El Redentor del mundo subió y bajó los cerros y montañas andando desde la gran llanura hasta el valle entre las montañas. Gozaba con el hermoso escenario de la naturaleza. Se deleitaba con los campos relucientes de flores hermosas y unía su voz con ellas en alegres cantos de alabanza. Los bosques y las montañas eran sus lugares de recogimiento y oración, y frecuentemente pasaba noches enteras en comunión con su Padre...
A pesar de la misión sagrada de Cristo y de su relación exaltada con Dios—acerca de la cual tenía perfecta conciencia—, no dejaba de cumplir los deberes prácticos de la vida. Era el Creador del mundo, y sin embargo aceptó las obligaciones que tenía frente a sus padres terrenales, y ante el llamado del deber, de acuerdo con los deseos de sus padres, después de la Pascua regresó con ellos de Jerusalén y permaneció sometido a su dirección.
Se sometió a las restricciones de la autoridad paterna y aceptó los deberes de hijo, hermano, amigo y ciudadano. Con respeto y cortesía cumplió sus obligaciones con sus padres terrenales. El era la Majestad del cielo. Había sido el gran Comandante de los cielos. Los ángeles se complacían en cumplir su voluntad. Ahora era un siervo dispuesto, un hijo obediente y alegre. Ninguna influencia podía distraer a Jesús del servicio fiel que se esperaba de un hijo. Nunca trató de hacer nada espectacular que lo distinguiera de los demás jóvenes o que evidenciara su procedencia celestial. Durante todos los años que Cristo pasó entre ellos, ni siquiera sus amigos y parientes pudieron distinguir señal alguna de su divinidad. Cristo era tranquilo, abnegado, cortés, alegre, bondadoso y siempre obediente.

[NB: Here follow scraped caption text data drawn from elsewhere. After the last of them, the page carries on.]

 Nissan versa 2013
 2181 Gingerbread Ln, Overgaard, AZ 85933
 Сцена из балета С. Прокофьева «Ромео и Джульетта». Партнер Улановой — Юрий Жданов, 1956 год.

Evitaba la ostentación, pero acerca de los principios era firme como una roca...
En la poca atención que se le concede a su vida infantil y juvenil hay un ejemplo tanto para los padres como los niños, en el sentido de que mientras más tranquilo es el período de la niñez y la juventud y mientras más natural y libre de excitación artificial sea, tanto más seguro será para los niños, y tanto más favorable para la formación de un carácter de pureza, de sencillez natural y de verdadera excelencia moral.
E.G. White, The Youth’s Instructor, febrero de 1873.